Neither is Matthew 19:12 which seems to laud eunuchs as being especially worthy of heaven. That would include those “which have made themselves eunuchs for the kingdom of heaven’s sake.” Christians with strong libidos hardly ever mention Matthew 19:12. I suspect most avoid thinking about it.
Not that thinking is all that important. Without a lick of proof, folks can simply pick and choose whatever suits their purposes. Take the Southern Baptists. The Baptist religion routinely splits along the lines of politics, geography, and race since it, itself, split from the Congregationalists around the middle of the 18th century.
The biggest rift came in 1845. Southerners wanted sanction for slavery. Northerners did not. The Southern Baptists emerged and used their version of god to justify one man’s owning another man. Because their own made-up god approved, the Southern Baptists didn’t have to offer a lick of proof to justify slavery.
Certainly proof is in short supply in another church, the one that not only uses the Bible, but gave us a whole new scripture. According to Trouble Enough, a history of Joseph Smith and the early Mormon Church, Smith claimed The Book of Mormon was given to him by divine revelation. He used a couple magic peepholes and, alone, read golden plates to a friend who recorded them. Then on June 14, 1828 the friend lost the first 114 pages.
Surely this could not be a problem. With divine revelation those lost pages could simply be recorded again. But what if the original turned up again and it didn’t agree with the second reading? Neither an immutable god nor his special messengers should be capable of making a mistake. Still all wasn’t lost on the imaginative Smith. He simply translated the new, improved version with the caveat : “. . . and being commanded of the Lord that I should not translate the same over again, for Satan had put it into their hearts to tempt the Lord their God by altering the words . . . ”
Who could doubt that? There is every bit as much evidence for satan as there is for god. Otherwise the Mormon Church has been a microcosm we can study for the ever changing ideas of god. Some of the main characters of the Book of Mormon, the tribe of Lamanites were said to be so sinful and warlike that god gave them red skin. That bit of lore disappeared in the face of 20th century political correctness. The idea that blacks were not worthy of the highest level of sainthood also disappeared due to political correctness and possibly because BYU needed some faster running backs. Polygamy disappeared in order for Utah to become a state.
Such disingenuous ideas haven’t hurt the church a whit. It is one of the strongest and richest religions in the world. It’s also one of the most politically active. Not long ago the Arizona Republic reported that not one single law in Utah had passed if the church disapproved. Furthermore Mormonism is growing faster than almost any other. You can believe in anything as long as you believe in something, and as long as you control the surroundings.
Similar contradictions can be found in every religion.
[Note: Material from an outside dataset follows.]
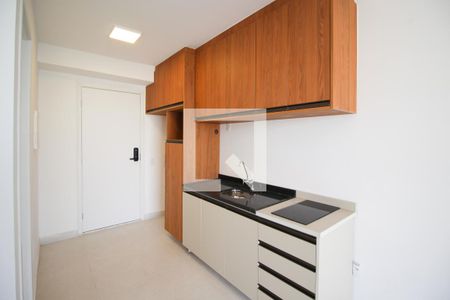 Studio de kitnet/studio à venda com 1 quarto, 25m² em Vila Olímpia, São Paulo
Some four hundred years ago the Catholic Church threatened Galileo with the rack for his heretical ideas. Recently the church that claims to be the sole earthly authority for god decided those ideas weren’t heretical after all. They now recognize that the earth isn’t the center of the universe. Even more recently they accepted evolution. Sometimes it’s hard to defend an immutable god.
Man made god. That is obvious. All of recorded history, including two thousand years of Christianity, has given us countless conflicting wild stories of him. There is not a bit of proof for any one. Such a belief was understandable when man couldn’t see beyond the range of his naked eye. We ought to know better today. It is important we challenge the credulous ideas that have allowed mankind to justify slavery, wars, inquisitions, cruelty, and ignorance.
Richard Dawkins said it best with “Faith is the great cop-out, the great excuse to evade the need to think and evaluate evidence. Faith is belief in spite of, even perhaps because of, the lack of evidence.”